A good father would do anything for his kids. That concept takes a strange turn in the 1994 film My Father the Hero, starring Gérard Depardieu as Andre, a divorced father seeking to bond with his estranged daughter Nikki (Katherine Heigl) on summer beach vacation. Nikki is 14, and her father has been absent long enough that the last time he saw her, she was still a child. On their vacation, Nikki meets a local named Ben, who is 17 and gorgeous. She's smitten, but concerned she's too young for him. In a fit of panic, she tells him she's 18 and claims that her father is actually her "lover" as proof.

Blissfully unaware of this stunt, Andre is pleased at all the attention his previously sulky daughter begins to lavish on him as she plays up the fake relationship. This is noticed by the other guests at the resort, who are increasingly disgusted at the situation, believing Andre is a pedophile.
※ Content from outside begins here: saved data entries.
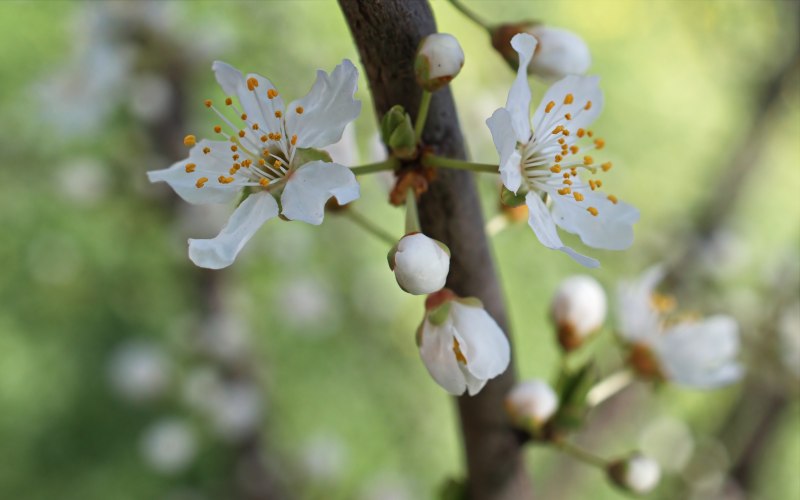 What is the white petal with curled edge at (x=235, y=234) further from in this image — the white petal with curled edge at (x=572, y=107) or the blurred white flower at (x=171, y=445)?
the blurred white flower at (x=171, y=445)

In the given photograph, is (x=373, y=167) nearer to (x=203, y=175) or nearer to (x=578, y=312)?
(x=203, y=175)

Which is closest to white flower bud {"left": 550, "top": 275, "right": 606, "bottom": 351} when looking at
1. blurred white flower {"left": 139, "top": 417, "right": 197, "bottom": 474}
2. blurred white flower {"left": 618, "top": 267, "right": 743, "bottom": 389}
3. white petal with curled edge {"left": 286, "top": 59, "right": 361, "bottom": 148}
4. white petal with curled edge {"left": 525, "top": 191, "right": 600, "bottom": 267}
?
blurred white flower {"left": 618, "top": 267, "right": 743, "bottom": 389}

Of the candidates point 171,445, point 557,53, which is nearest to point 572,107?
point 557,53

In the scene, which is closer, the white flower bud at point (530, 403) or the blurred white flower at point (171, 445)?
the white flower bud at point (530, 403)

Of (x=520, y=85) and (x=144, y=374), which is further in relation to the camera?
(x=144, y=374)

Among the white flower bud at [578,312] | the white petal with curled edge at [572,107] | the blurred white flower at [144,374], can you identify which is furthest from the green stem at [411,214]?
the blurred white flower at [144,374]

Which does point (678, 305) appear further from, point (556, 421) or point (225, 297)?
point (225, 297)

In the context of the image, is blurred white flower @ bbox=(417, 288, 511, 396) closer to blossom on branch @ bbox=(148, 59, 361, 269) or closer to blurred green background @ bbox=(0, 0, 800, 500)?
blossom on branch @ bbox=(148, 59, 361, 269) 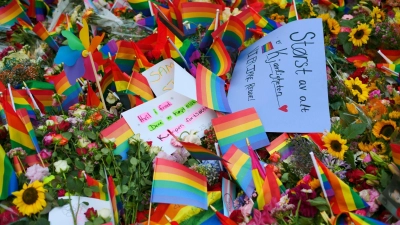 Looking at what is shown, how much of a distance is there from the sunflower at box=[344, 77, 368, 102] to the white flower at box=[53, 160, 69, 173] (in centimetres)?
98

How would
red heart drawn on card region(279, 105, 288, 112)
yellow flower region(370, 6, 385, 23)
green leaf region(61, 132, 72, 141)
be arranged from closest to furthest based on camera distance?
green leaf region(61, 132, 72, 141), red heart drawn on card region(279, 105, 288, 112), yellow flower region(370, 6, 385, 23)

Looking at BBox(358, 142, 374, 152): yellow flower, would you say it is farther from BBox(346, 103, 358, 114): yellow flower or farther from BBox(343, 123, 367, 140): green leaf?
BBox(346, 103, 358, 114): yellow flower

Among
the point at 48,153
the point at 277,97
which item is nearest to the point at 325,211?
the point at 277,97

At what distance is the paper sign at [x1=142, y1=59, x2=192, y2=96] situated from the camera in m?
1.56

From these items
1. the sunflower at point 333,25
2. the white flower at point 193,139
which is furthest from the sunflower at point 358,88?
the white flower at point 193,139

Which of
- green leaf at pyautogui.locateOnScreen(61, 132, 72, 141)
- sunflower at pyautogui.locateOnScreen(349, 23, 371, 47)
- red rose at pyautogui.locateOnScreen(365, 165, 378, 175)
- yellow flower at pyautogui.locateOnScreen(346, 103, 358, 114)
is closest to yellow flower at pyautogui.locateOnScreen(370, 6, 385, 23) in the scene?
sunflower at pyautogui.locateOnScreen(349, 23, 371, 47)

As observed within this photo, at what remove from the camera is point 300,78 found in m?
1.50

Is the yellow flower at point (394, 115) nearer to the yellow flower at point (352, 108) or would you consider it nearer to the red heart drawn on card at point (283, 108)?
the yellow flower at point (352, 108)

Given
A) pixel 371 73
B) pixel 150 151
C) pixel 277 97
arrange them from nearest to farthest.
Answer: pixel 150 151
pixel 277 97
pixel 371 73

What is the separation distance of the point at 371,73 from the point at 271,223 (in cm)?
79

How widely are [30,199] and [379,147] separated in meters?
1.00

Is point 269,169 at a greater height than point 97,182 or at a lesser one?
lesser

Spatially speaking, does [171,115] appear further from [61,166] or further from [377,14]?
[377,14]

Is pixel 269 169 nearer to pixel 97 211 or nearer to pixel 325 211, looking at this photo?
pixel 325 211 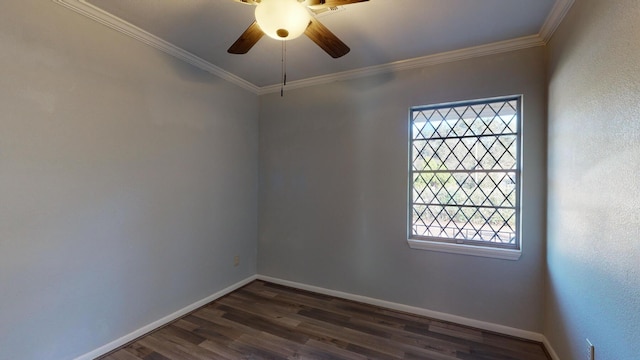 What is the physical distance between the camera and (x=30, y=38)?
5.31ft

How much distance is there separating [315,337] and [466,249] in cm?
157

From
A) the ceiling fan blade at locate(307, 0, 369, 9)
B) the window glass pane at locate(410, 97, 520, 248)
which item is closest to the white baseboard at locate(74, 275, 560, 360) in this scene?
the window glass pane at locate(410, 97, 520, 248)

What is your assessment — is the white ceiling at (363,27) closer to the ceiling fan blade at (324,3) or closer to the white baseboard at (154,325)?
the ceiling fan blade at (324,3)

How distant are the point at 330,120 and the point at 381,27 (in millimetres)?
1148

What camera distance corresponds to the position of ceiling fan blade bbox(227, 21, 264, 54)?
1604 mm

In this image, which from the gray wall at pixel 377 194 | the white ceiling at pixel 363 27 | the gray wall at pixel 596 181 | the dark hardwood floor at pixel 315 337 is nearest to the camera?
the gray wall at pixel 596 181

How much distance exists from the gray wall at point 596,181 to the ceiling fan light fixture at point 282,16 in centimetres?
145

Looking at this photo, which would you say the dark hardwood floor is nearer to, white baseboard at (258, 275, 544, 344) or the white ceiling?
white baseboard at (258, 275, 544, 344)

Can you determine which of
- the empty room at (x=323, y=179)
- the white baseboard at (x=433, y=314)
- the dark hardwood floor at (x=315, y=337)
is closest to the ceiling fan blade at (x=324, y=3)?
the empty room at (x=323, y=179)

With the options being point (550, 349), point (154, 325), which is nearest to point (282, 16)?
point (154, 325)

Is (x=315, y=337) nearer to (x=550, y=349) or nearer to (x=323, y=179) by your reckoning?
(x=323, y=179)

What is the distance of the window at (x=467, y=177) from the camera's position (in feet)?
7.70

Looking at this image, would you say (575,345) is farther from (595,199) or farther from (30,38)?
(30,38)

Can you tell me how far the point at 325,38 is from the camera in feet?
5.41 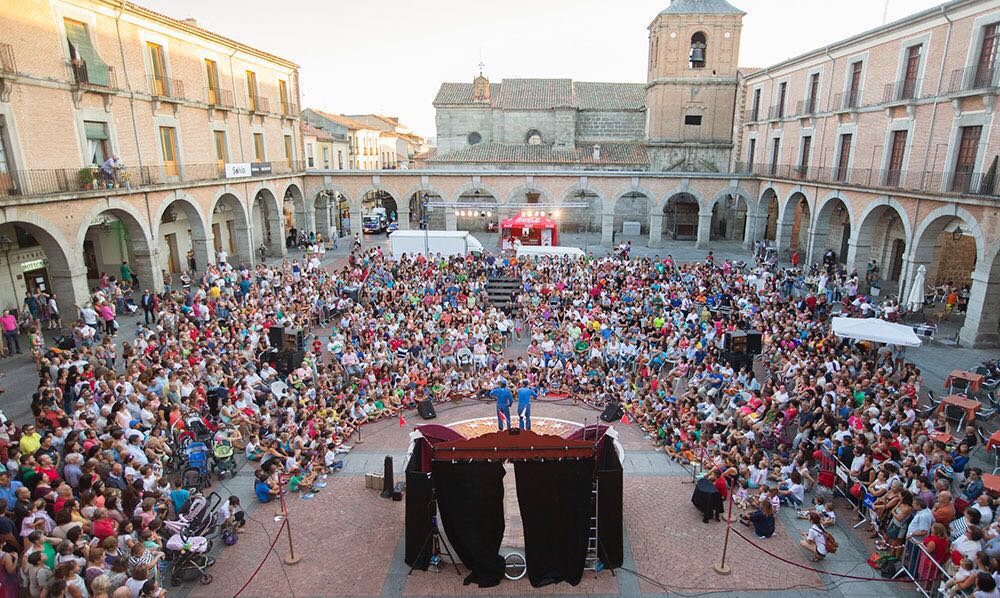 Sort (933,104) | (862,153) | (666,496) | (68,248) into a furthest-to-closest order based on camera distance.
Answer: (862,153) → (933,104) → (68,248) → (666,496)

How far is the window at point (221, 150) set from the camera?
27625mm

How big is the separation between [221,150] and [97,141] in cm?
748

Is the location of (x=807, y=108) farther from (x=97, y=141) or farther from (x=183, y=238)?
(x=183, y=238)

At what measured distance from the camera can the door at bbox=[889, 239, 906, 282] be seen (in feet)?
85.2

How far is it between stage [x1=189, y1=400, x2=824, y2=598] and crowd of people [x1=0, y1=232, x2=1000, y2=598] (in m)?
0.55

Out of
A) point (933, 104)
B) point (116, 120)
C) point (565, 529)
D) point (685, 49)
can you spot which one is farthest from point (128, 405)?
point (685, 49)

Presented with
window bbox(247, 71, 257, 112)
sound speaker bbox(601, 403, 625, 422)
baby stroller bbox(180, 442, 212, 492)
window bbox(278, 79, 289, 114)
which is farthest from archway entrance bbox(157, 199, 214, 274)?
sound speaker bbox(601, 403, 625, 422)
The proceedings reach a fever pitch when Andre launches into a jaunty rendition of "Thank Heaven for Little Girls" when asked to perform a French song. Andre soon uncovers Nikki's game, and is only briefly angry with her before agreeing to go along with it. "What a plot!" exclaimed Heigl in a recent interview with Howard Stern. Andre even ends up feeding his daughter lines to help make up with Ben, after he discovers the truth and wants nothing to do with her. It's an odd ending to an even odder film.

What happens in Rio stays in Rio

Fathers behaving badly seems to be an appealing concept for filmmakers, and certainly that was the intended theme of the 1984 film Blame it on Rio, which Yahoo called "the most inappropriate romantic comedy of all time."  It stars Michael Caine as Matthew, the mid-forties father of 17-year-old Nikki, played by Demi Moore. Matthew's marriage is in trouble, and his wife Karen has bailed on their planned family vacation. This leaves only Matthew's friend Victor (Joseph Bologna) and Victor's 17-year-old daughter Jennifer (Michelle Johnson) to accompany them to Rio. While there, Jennifer confesses to Nikki that she's always had a crush on "Uncle Matthew."

The atmosphere of Rio leads the girls to do things like go topless on the beach. Jennifer increasingly flirts with Matthew, and they end up having sex. Jennifer's crush quickly becomes an obsession, but Matthew continues to sleep with her behind Victor's back. Matthew finally ends things when his wife Karen finds out about the affair and travels to Rio to confront him. Heartbroken, Jennifer ends up attempting suicide, but survives, as she overdosed using birth control pills.

While she's recovering, Karen yells at Jennifer for being selfish as she's laying in a hospital bed with her stomach freshly pumped. Karen and Matthew end up reconciling, and Jennifer quickly meets a new 21-year-old local with whom her father allows her to stay in Rio, unchaperoned. Seems like a good idea, right? What could possibly go wrong? Roger Ebert said that the movie had "the brain of a 1940s bongo comedy and the heart of a porno film. It's really unsettling to see how casually this movie takes a serious situation."